**ASSIGNMENT:**
Could you return all of the records exactly, minus their images?
***** MATERIAL SHOWN *****
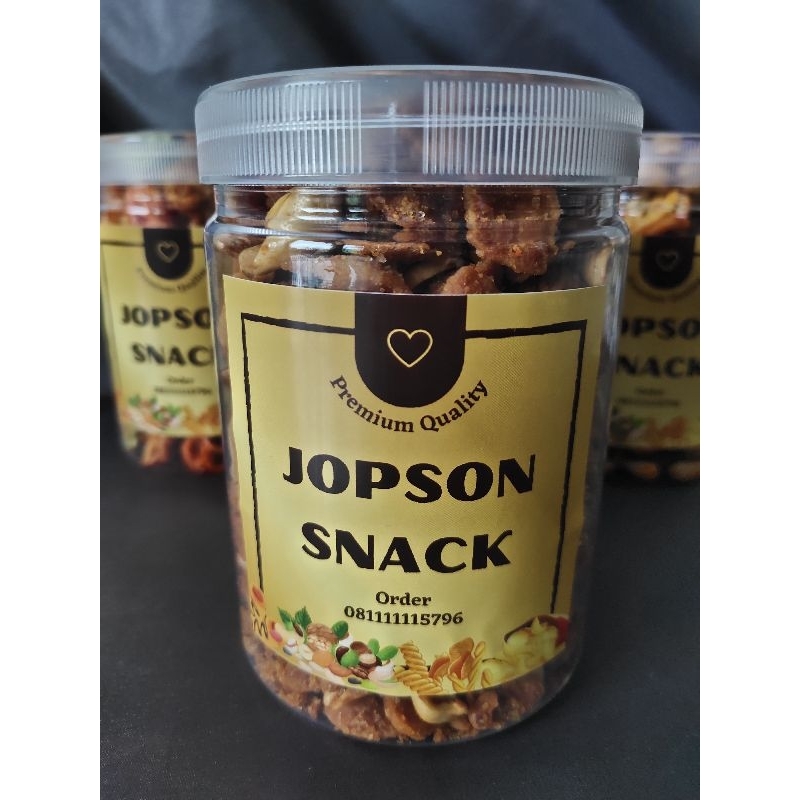 

Macroni Kerang Kacang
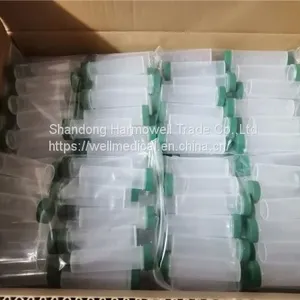 Good Quality Quick Delivery 50ml Flat Bottom Plastic Tube Centrifuge thumbnail-3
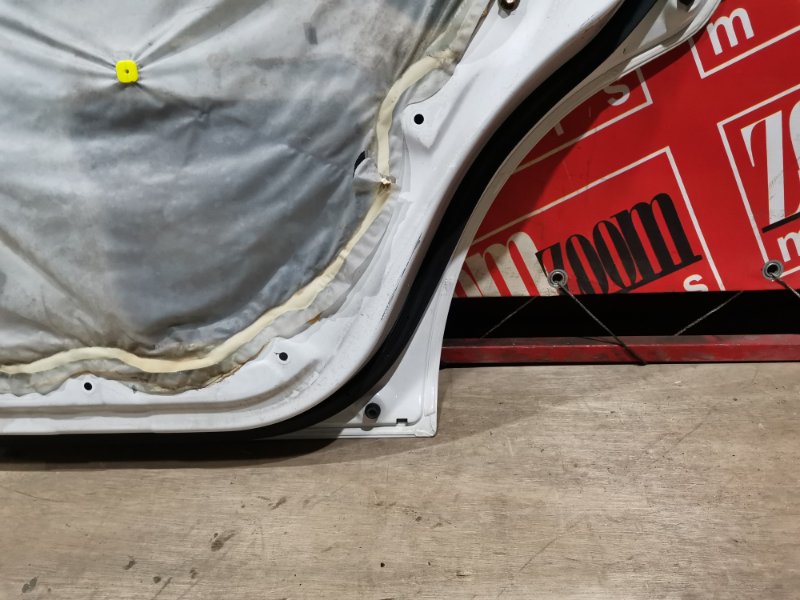 Дверь боковая, 3800 рублей, Красноярск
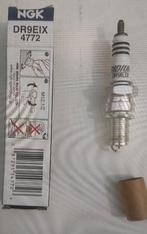 NGK bougies DR9EIX 4772, Enlèvement, Neuf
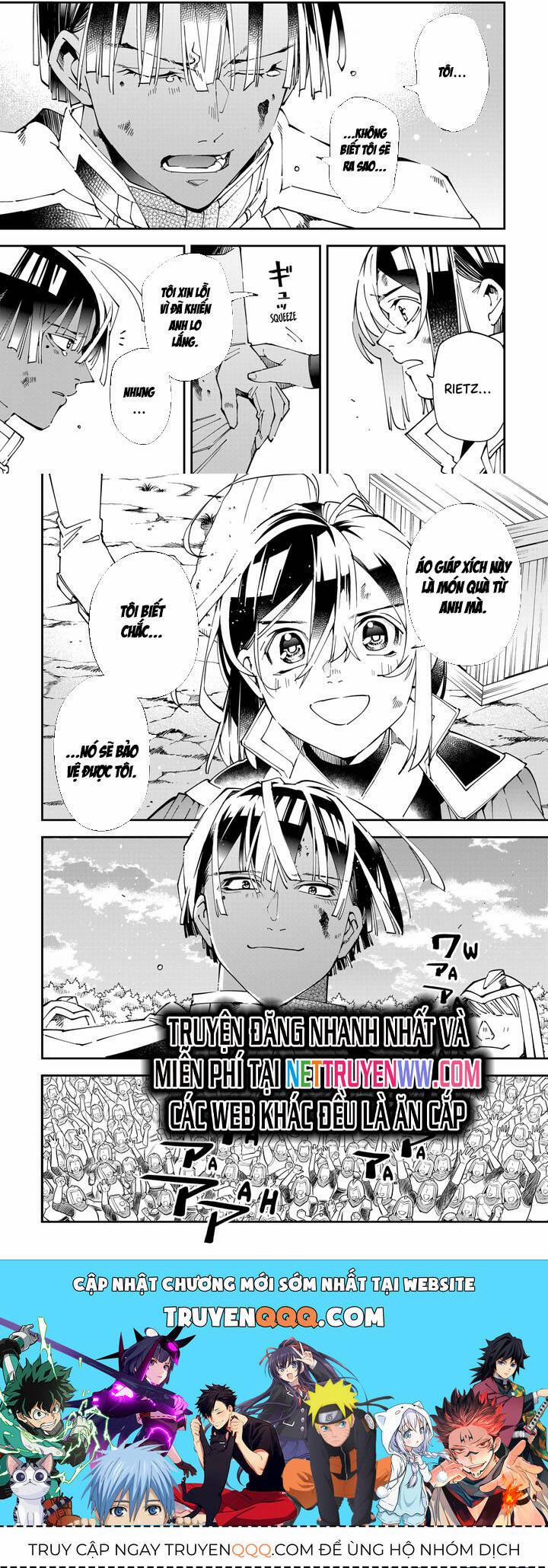 Tái Sinh Thành Quý Tộc Với Kĩ Năng 'appraisal' 134 trang 0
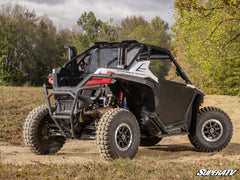 SuperATV Polaris RZR PRO XP Depth Finder™ Snorkel Kit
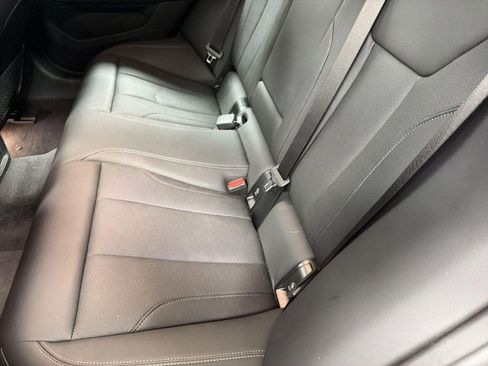 Certified 2023 BMW i4 eDrive40 w/ M Sport Package image 22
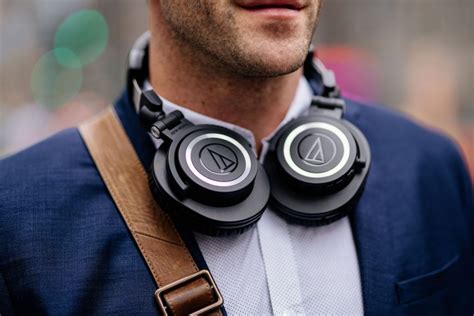 Introducing the ATH-M50xBT: Bluetooth Wireless Headphones | Audio-Technica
*****
**ANSWER SPACE:**
Macroni Kerang Kacang
 Good Quality Quick Delivery 50ml Flat Bottom Plastic Tube Centrifuge thumbnail-3
 Дверь боковая, 3800 рублей, Красноярск
 NGK bougies DR9EIX 4772, Enlèvement, Neuf
 Tái Sinh Thành Quý Tộc Với Kĩ Năng 'appraisal' 134 trang 0
 SuperATV Polaris RZR PRO XP Depth Finder™ Snorkel Kit
 Certified 2023 BMW i4 eDrive40 w/ M Sport Package image 22
 Introducing the ATH-M50xBT: Bluetooth Wireless Headphones | Audio-Technica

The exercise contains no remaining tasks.